I watched him lie back on the roof, hands behind his head, sighing as if he just finished a long day’s work. I laid back with him, without a care in the world.
“Do you remember that night?” he asked.
“What night?”
“I showed you how to find it,” he asked. “How to find the North Star?”
“Are you kidding? Of course I do,” I said, without hesitation. “We were putting up Christmas lights, and when we plugged them in, you asked the cows and the sheep how they looked—“
“MUUUURRRRRRRRR—BAAAAAAAAAHHH,” Dad interrupted, making us both laugh. “Yeah, that was fun, wasn’t it?”
I agreed with laughter, drawing tears in my eyes. There wasn’t any sadness in loss. It was home nestled on a star surrounded by infinite others.
Dad slowly turned his smile into a subtle grin. “I looked up to this thing all those years,” he said, disappointed almost. “I had hopes and dreams for most of it, just like my daddy did,” he paused. Then said, “Failed to see the hopes and dreams that came true down there, back home.”
My smile went away as I couldn’t speak while tears started to make my eyes burn and fall down my face.
He turned to me. “I’m a stubborn man, you know that.” He paused. “But if there’s one thing in the world I’m sorry for … it’s that.” His voice cracked.
My vision blurred with tears, seeing the purple glow of the stars glistening across his face. I wanted to beg him, please, come back home with me.
He interrupted my train of thought as he put his arm around my shoulders and kissed my head. “Ain’t no need to come lookin’ for me anymore, son. I’m sittin’ right here.” He looked back toward the speck called Earth. “Funny… All the problems I had there seemed so big,” he pondered with a grin. “Made me forget how small they were from up here.”
How easy it is, I thought. We fall for making our troubles bigger than they actually are. I looked up with him when he said, “Don’t ignore the world around you down there, son. If you need me… I’ll be right here.”
That was when I woke up in the bed back in the garret in the dark with crickets singing outside the window with navy-blue pastures below, dotted with fireflies drifting in the cool breeze under the pale moon.
I wiped my wet face, got up and stared at the wall, washed in moonlight, waiting for the room to vibrate and the cedar planks to crack again. Waiting for the hidden latch to reveal itself. Hoping to see my dad again. But the room had looked the same as before… with the exception of the smell—that fried apple smell in the cedar. It was gone.
The smell in the garret, now, was old and dusty without its sweet signature. The haven of tranquility I once knew made me come to the realization: He told me, “Ain’t no need to keep lookin’ for me anymore.”
I had been looking for him for years. I had clung to that beautiful smell. A smell in the cedar that reminded me that all was well in the valley. But I was so stubborn that I ignored the fact that the cedar smell died along with him in that room.
I had seen what I needed to see. There would always be time to dwell on what I had lost—but I wasn’t getting any younger.
All that we know and love is held down on a blue ball. And the one thing constant is the North Star.
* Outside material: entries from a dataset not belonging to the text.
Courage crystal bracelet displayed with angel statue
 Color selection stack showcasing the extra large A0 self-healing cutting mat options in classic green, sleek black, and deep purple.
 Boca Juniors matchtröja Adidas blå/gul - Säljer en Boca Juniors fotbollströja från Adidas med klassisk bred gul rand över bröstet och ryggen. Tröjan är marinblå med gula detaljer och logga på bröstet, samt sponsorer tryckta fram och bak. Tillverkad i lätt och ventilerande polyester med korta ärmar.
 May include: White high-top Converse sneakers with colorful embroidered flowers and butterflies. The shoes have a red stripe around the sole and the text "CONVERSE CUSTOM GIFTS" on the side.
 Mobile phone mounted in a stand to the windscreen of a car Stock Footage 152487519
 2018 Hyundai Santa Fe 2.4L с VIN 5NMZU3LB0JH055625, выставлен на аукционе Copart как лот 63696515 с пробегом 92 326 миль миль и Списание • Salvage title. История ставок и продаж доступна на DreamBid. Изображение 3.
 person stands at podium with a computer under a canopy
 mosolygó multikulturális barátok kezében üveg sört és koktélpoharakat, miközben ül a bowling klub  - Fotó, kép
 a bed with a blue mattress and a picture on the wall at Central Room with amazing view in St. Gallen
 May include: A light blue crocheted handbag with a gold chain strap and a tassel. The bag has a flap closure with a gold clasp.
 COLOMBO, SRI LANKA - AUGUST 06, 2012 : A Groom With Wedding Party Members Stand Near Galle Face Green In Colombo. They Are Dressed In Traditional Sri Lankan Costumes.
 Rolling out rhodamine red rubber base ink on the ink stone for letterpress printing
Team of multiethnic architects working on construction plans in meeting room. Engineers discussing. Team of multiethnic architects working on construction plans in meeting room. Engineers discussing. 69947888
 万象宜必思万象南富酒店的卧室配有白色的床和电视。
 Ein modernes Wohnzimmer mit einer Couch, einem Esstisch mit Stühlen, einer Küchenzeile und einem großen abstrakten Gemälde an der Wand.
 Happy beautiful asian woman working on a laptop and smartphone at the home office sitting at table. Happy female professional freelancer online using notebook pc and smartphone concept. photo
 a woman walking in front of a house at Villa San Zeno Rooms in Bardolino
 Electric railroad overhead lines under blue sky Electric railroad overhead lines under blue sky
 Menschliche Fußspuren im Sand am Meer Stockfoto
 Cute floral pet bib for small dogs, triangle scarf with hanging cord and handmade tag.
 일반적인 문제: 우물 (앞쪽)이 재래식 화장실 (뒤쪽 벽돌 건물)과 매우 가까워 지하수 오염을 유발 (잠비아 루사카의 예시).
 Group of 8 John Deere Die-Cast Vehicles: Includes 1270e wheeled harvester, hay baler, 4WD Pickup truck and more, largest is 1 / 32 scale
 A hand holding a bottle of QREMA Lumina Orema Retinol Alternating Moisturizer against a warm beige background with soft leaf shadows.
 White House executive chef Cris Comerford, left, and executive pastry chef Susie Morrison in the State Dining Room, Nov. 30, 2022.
I knew then that all the good in the world cannot be made to stand still in time. I had to let him go.
I walked to the wall, gave it a soft knock as a kiss goodbye, and looked into the dark room where my dad had once slept. Then I headed for the stairs leading down, a lump rising in my throat, knowing this would be my last time here. Behind me, I wanted to hear the faint whirring and humming to begin and see the walls crack. But I knew that I was better, knowing that the dreams I had were just a fool’s bliss. So I kept walking, stepping out of the garret, with broad shoulders and my soul smiling, without a care in the world.